Trump’s action is beyond the pale of decency in politics.
For someone holding the highest office in the mightiest country in the world, making such a statement shows how the United States has changed since he took office three years ago.
The United States has been a country beyond recognition of late.
Under Trump, it has compromised all the principles it held true – openness, tolerance and magnanimity.
He fanned the anti-immigrant sentiments.
His stand on Muslim countries is worrying, so the “Muslim ban” he imposed isn’t too shocking. The list goes on.
But calling the four congresswomen who criticised him “haters of America” is something else.
Except for Ilhan Omar, a Muslim born in Somalia and a naturalised US citizen, the rest are all US-born.
Other than Ilhan, Rashida Talib is also a Muslim.
In fact, they are the first Muslim women to be elected as members of the House.
Alexandria Ocasio-Cortez came from a Puerto Rican family and Rashida’s family are Palestinian immigrants.
Ayanna Pressley is a black representative from Boston.
The attacks on Ilhan since she was elected have been particularly harsh.
Jeanine Pirro, a Fox News host, was yanked from the air for making an unprovoked attack on Ilhan and her religion.
Tucker Carlson, also of Fox News, called her a “grievance monster who hates the United States”.
Thanks to Trump, we are witnessing a new low in American politics.
To speak ill of sons and daughters of immigrants in a country of immigrants is something else.
For Trump, it is almost a pattern now – making remarks uncalled for as a president.
Naturally, the country erupted in bitter recriminations over those tweets.

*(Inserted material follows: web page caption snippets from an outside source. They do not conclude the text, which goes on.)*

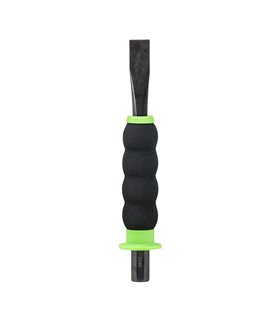 CINCEL CON MANGO DE GOMAESPUMA - 160MM (12)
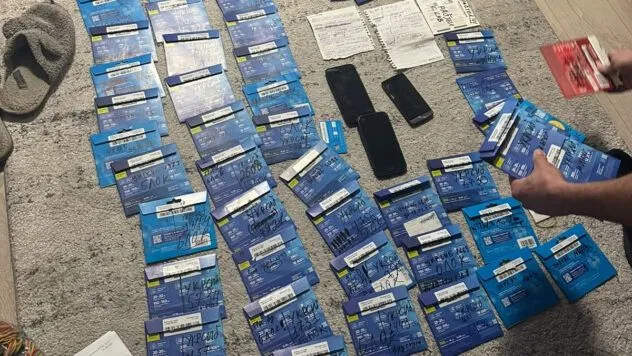 операція ДБР Справедливість для бійців ДБР розпочало слідчу акцію "Справедливість для військовослужбовців": планується 72 виїмки документів у військових підрозділах. 6
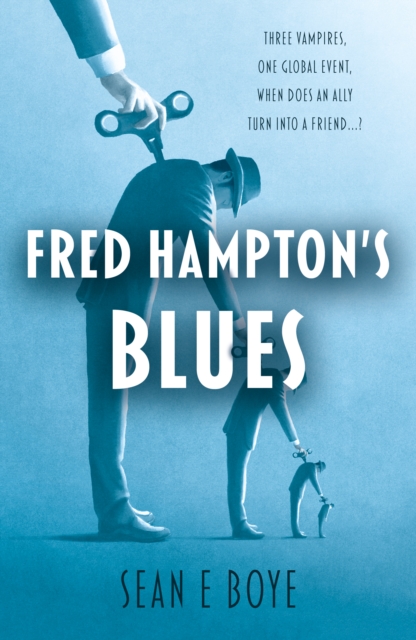 Fred Hampton’s Blues, Paperback / softback Book
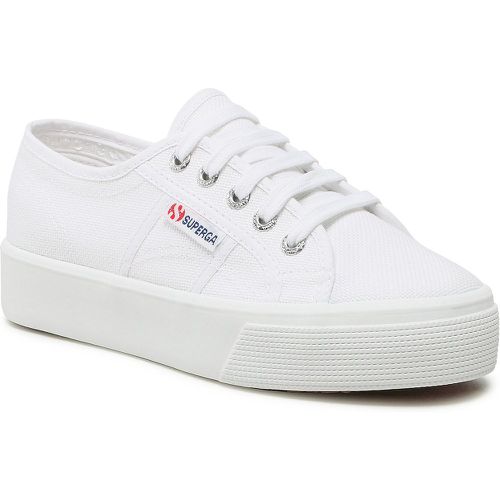 Scarpe sportive 2730 Mid Platform S2127IW - Superga - Modalova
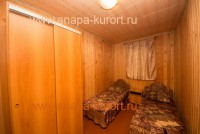 Анапа 2024 отдых частный сектор у моря - Лучшие базы отдыха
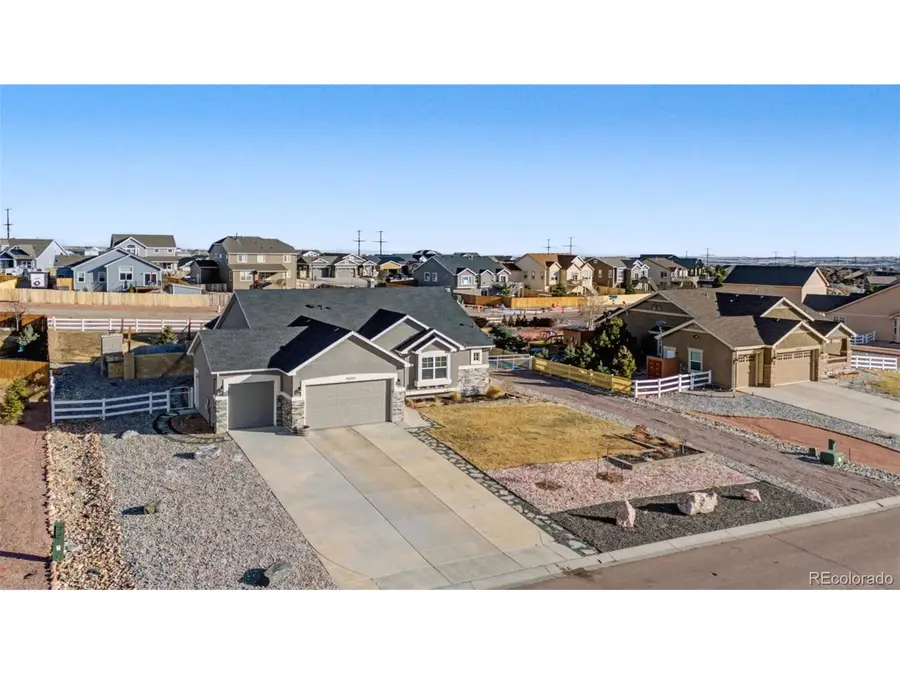 10031 Keating Dr, Peyton, CO 80831 - #3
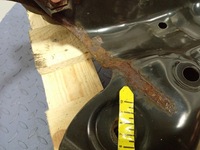 фото thumb №6, Hyundai i20 i 1.2 b подрамник перед 62400-xxxxx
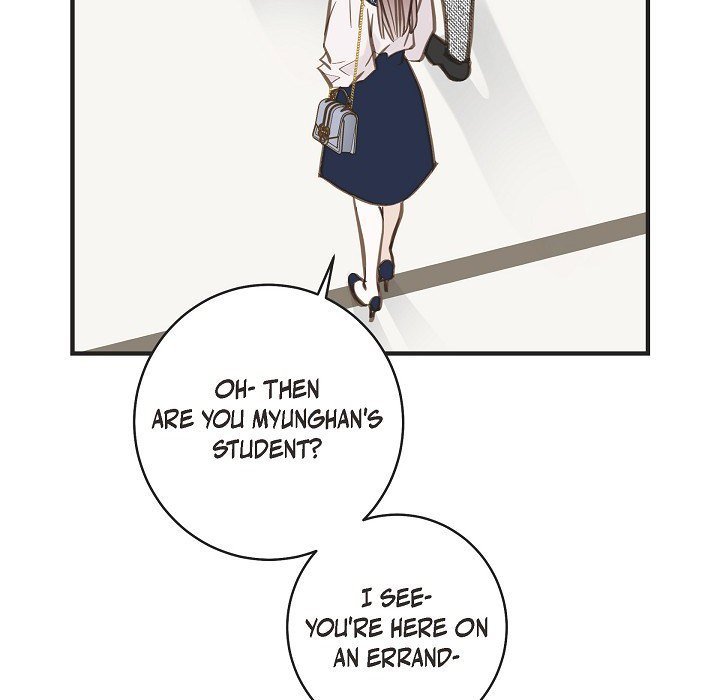 Survival Marriage Chapter 32 - Page 112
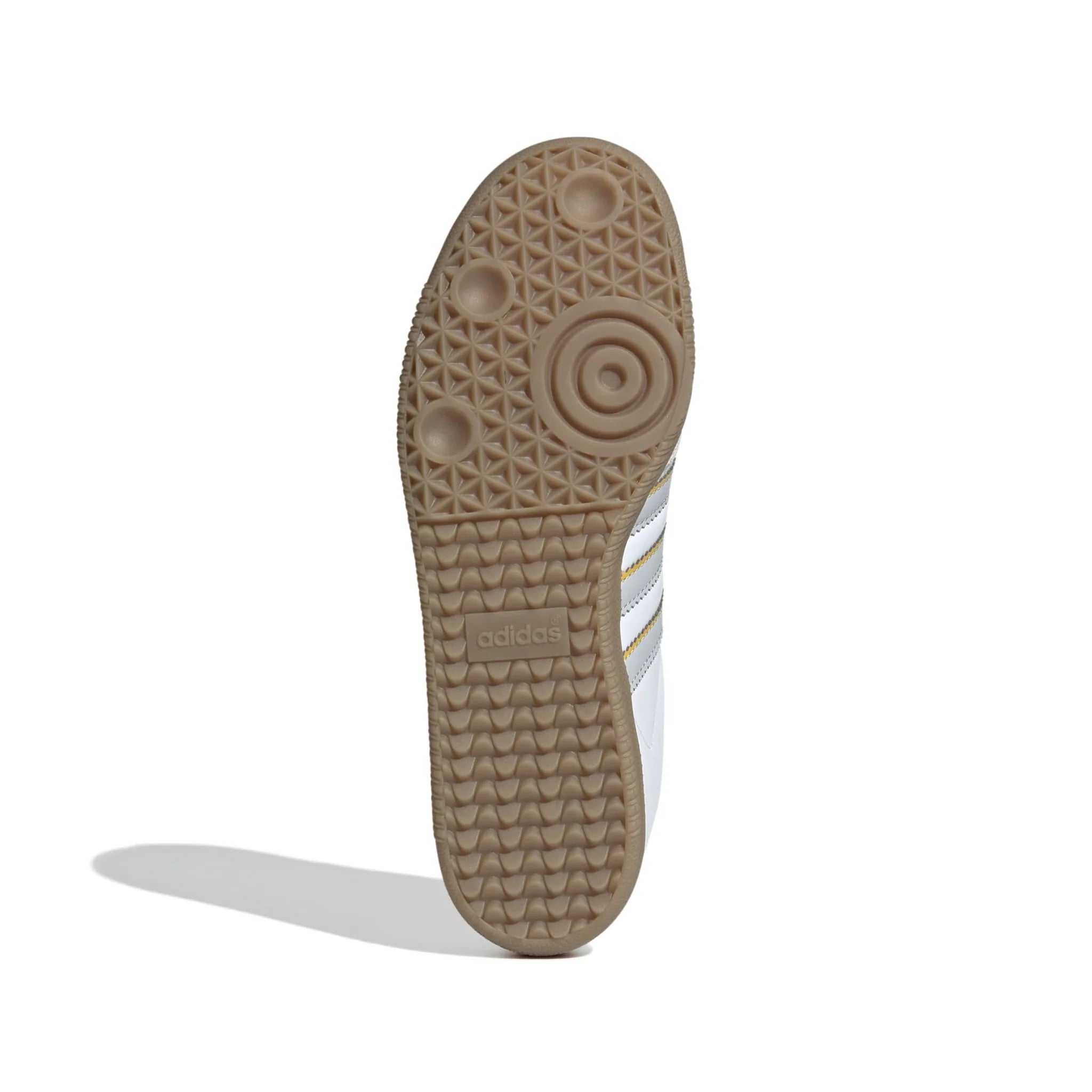 adidas Samba Real Madrid Shoes White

But knowing Trump, he will not apologise; in fact, he boldly proclaimed: “I don’t have a racist bone in my body.”
To which Ocasio-Cortez responded in a tweet, “You’re right, Mr President – you don’t have a racist bone in your body. You have a racist mind in your head and a racist heart in your chest.”
In the United States, toxicity is in the air.
Racism is rearing its ugly head. The white supremacists are emboldened. The voice of anti-immigrant groups is getting louder.
Bigotry knows no borders. Immigrants as a whole are facing a backlash in countries where fervent nationalistic sentiments are at play.
In predominantly white countries, the voices of right-wing and supremacist groups are becoming deafening.
Australian-born Brenton Tarrant, who filmed himself on a shooting rampage at a Christchurch mosque, is the kind of right-wing extremist we fear.
As much as the rise of militancy in any religion is condemned, we must be on the lookout for the Tarrants of the world.
But more important is the rise
of ferocious identity contestation based on race and religion the world over.There is nothing wrong with nationalist or religious zeal. But taking it to the level of undermining and marginalising others is something else.
The rise of nationalist parties in Europe is one example.
There is always the argument about the changing landscape of
the “European character” with the influx of immigrants.
Immigrants, too, have changed the United States, and not necessarily for the worse.
The talk about “if you are not happy, go back to your country of origin” is nothing new.
We have heard that uttered many times by individuals and groups to minorities. We have seen it happen here in Malaysia, too.
There are some who are taking that path, conveniently telling individuals from the other races to do so.
Those targeted are born here. They have no other place to go. Criticising a policy is not being disloyal.
Speaking their minds as what the four congresswomen in the United States did should not be construed as disrespectful or hating the country.
As much as we must register our outrage against Trump, we must also be mindful not to do the same to our fellow Malaysians in any circumstance.
That is the lesson we should learn from this ugly episode in American history.
Johan Jaaffar was a journalist, editor and for some years chairman of a media company, and is passionate about all things literature and the arts. The views expressed here are entirely his own.